Local activists headed north for largest climate-change protest in history

Ahmer Inam felt like being a part of something. The 39-year-old packed his bags and headed from Charlotte to New York City before the third weekend of September to participate in the People's Climate March, the largest single stance against climate change in history. For about seven hours, environmentalists, Hollywood actors, political leaders and performance artists marched through Manhattan to call for global action against climate change. The effects were almost instantaneous. The day of the march — Sunday, Sept. 21 — the Rockefeller family's charitable arm announced it would join about 49 foundations in divesting from 200 major oil and gas companies, according to New York Times.

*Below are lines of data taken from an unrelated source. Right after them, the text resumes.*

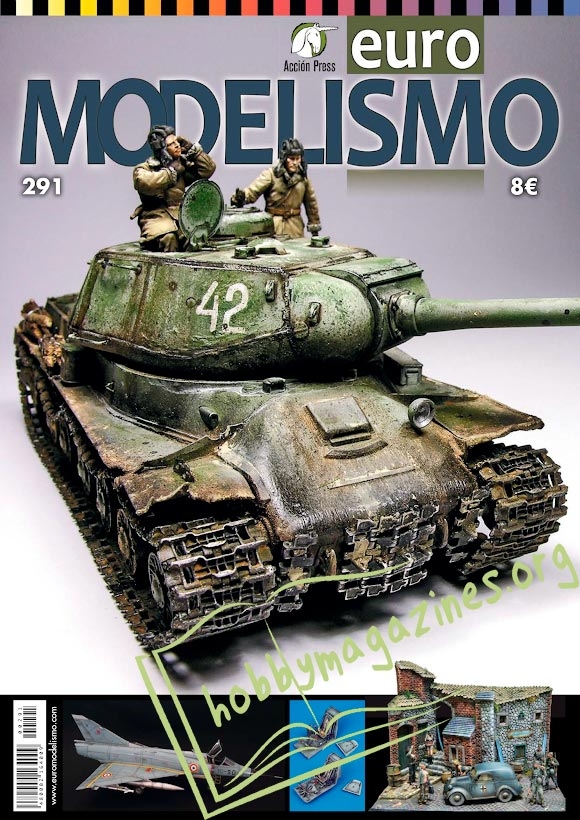 EuroModelismo 291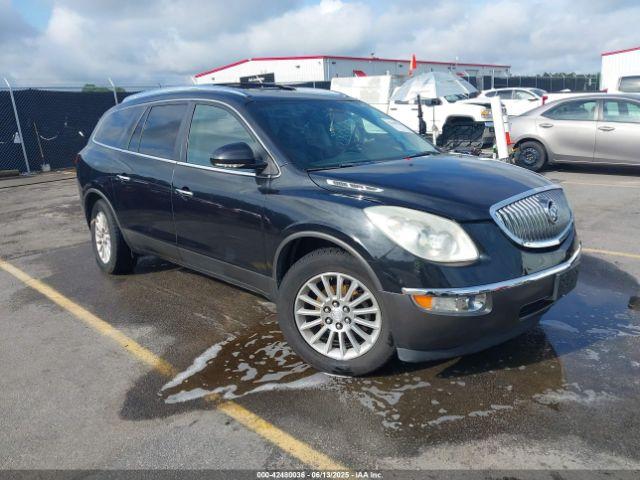  Salvage Buick Enclave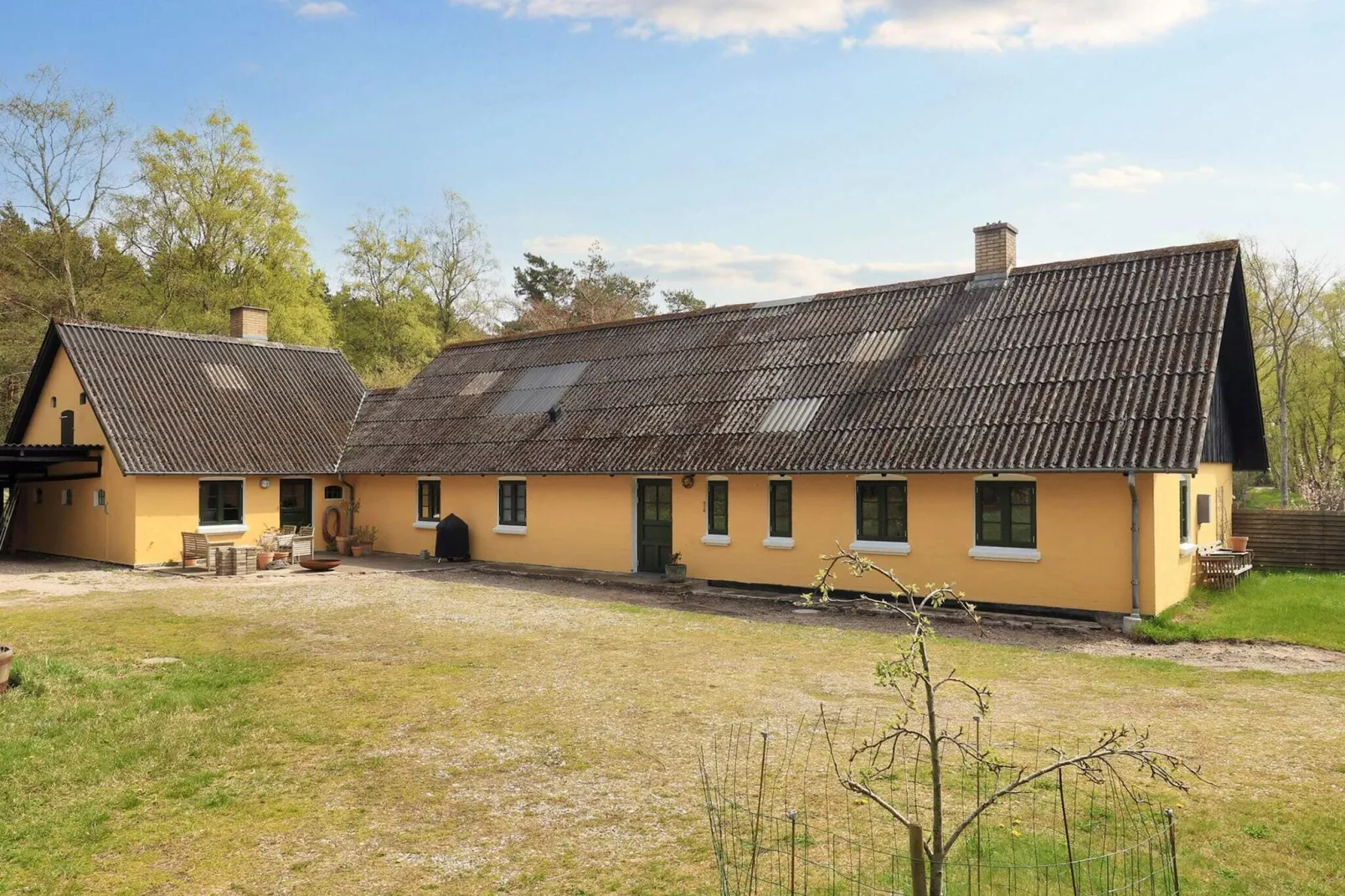 5 Sterne Ferienhaus in Læsø-By Traum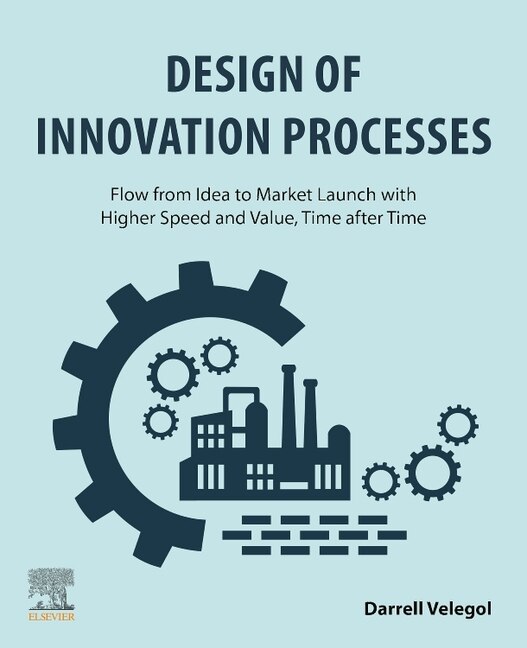 Front cover_Design of Innovation Processes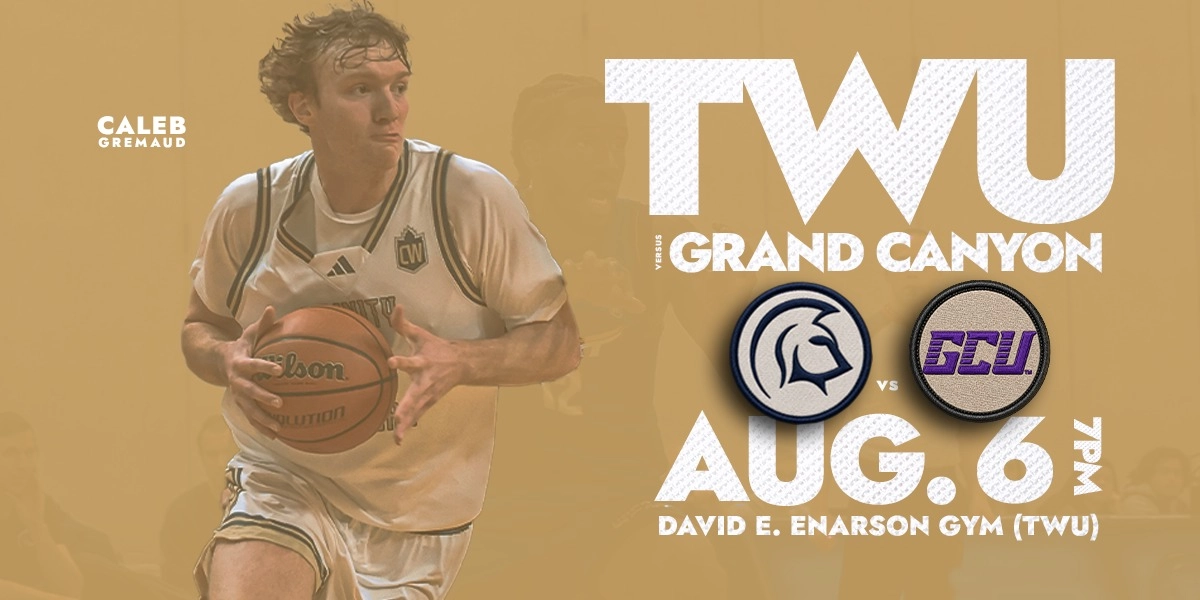 Event image for TWU vs. Grand Canyon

Days after he returned, Inam talked to CL about why he went, who else was there and how Moral Mondays even made an appearance. The following has been edited for brevity and clarity.

Creative Loafing: Why did you decide to participate in this year's march?

Inam: I knew this was going to be the biggest and largest mobilization that has ever happened on climate-change issues. I wanted to be a part of that. I'm especially passionate about clean water, and with clean water comes all the pollution that is leading to problems. Especially in North Carolina, where coal ash is an issue.

Tell us about your trip up.

I knew Greenpeace and the Sierra Club were taking buses, so I signed up to ride along. I collected donations -- snacks for the trip, etc. -- to do my part. We reached New York at about 7:30 Sunday morning. The people I met on the bus were total strangers, but we became friends. Some were from North Carolina and South Carolina, even Georgia. We shared stories about why we are passionate about environmental issues. Everyone had a story. It was good to learn everyone's perspectives. I'll continue to stay in touch with many through email.

What were your takeaways from the march itself?

I was struck by how diverse the crowd was, and not just ethnically or racially. There were so many religious groups, young people, people in the technology industry, celebrities. The international director of Greenpeace marched with us. There were African bands, Native Americans, folk musicians and performance artists. It wasn't just your typical environmentalists who showed up. The secretary-general of the U.N. even marched.

I know 300,000 people makes for a big group, but who was the message geared toward?

We tend to hear that people don't care about these issues, so I think this was done to prove to governments and global leaders that people do care and we will hold them accountable for their decisions.

About 150 people from Charlotte rode with you. Was the local contingency heard?

That was really interesting. Some of the chants were actually led by local activists. That was pretty awesome. I even recognized some of the chants from Moral Monday protests. North Carolinians were actually leading the march, in a way.